Les Pupi montrent que la contamination féminine était en moyenne de 0,02 %Ce taux de contamination ne représente que 400 femelles relâchées chaque mois. Ce graphique montre les données moyennes sur la nymphose des mâles et des femelles sur une période de production de six mois. Le mâle se nymphose principalement le huitième jour et les femelles le neuvième jour.
La taille des pupies a été mesurée et comparée à l’aide de la largeur du celo thorax mesurée en prenant des photos de pupis flottant dans l’eau et en utilisant un greico comme échelle. Les mâles sont toujours plus petits que les femelles, avec très peu de chevauchement de taille, ce qui montre que des paramètres d’élevage cohérents ont été obtenus à partir de l’installation de production d’œufs. Sur une superficie d’environ 19 mètres carrés, plus de 4 millions d’œufs par semaine ont été produits à partir de la zone de production masculine.
En moyenne, 571 000 mâles par semaine ont été produits.

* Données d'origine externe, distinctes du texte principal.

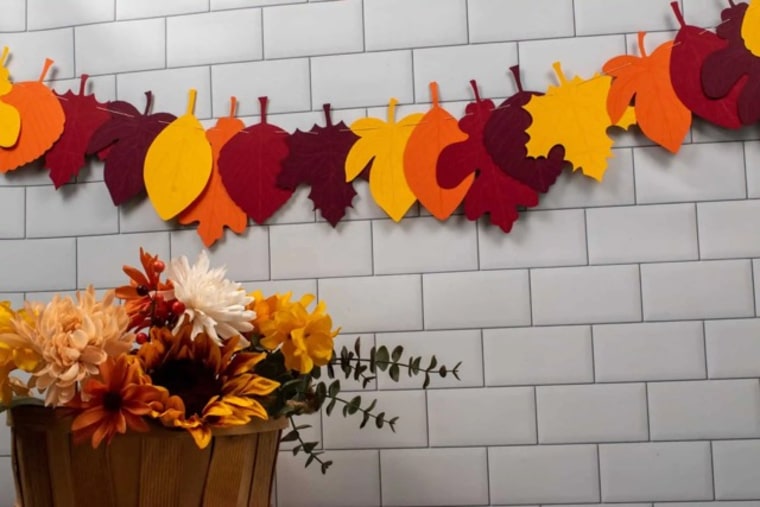 paper leaf wreath thanksgiving decorations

L’efficacité de la production de l’œuf au pupi mâle trié était d’environ 26 %Une certaine perte de mâles s’est produite pendant l’émergence, et le nombre total de mâles relâchés par semaine était en moyenne de 543 000.
Cet article traite des techniques d'élevage de masse nécessaires à la suppression de la population d'Aedes aegypti à l'aide du système RIDL®. Il souligne l'importance de produire des moustiques mâles de haute qualité pour des stratégies de contrôle efficaces.
Mass production of genetically modified Aedes aegypti males using the RIDL system addresses a critical vector control challenge by enabling scalable, targeted population suppression. High-throughput rearing and rigorous sex sorting ensure only non-biting males are released, directly supporting public health and translational vector biology programs. This capability underpins predictive confidence in field deployment and informs risk-adjusted portfolio decisions for genetic control strategies.
This mass rearing and sorting workflow bridges early genetic validation with operational field deployment, supporting the continuum from discovery to translational application.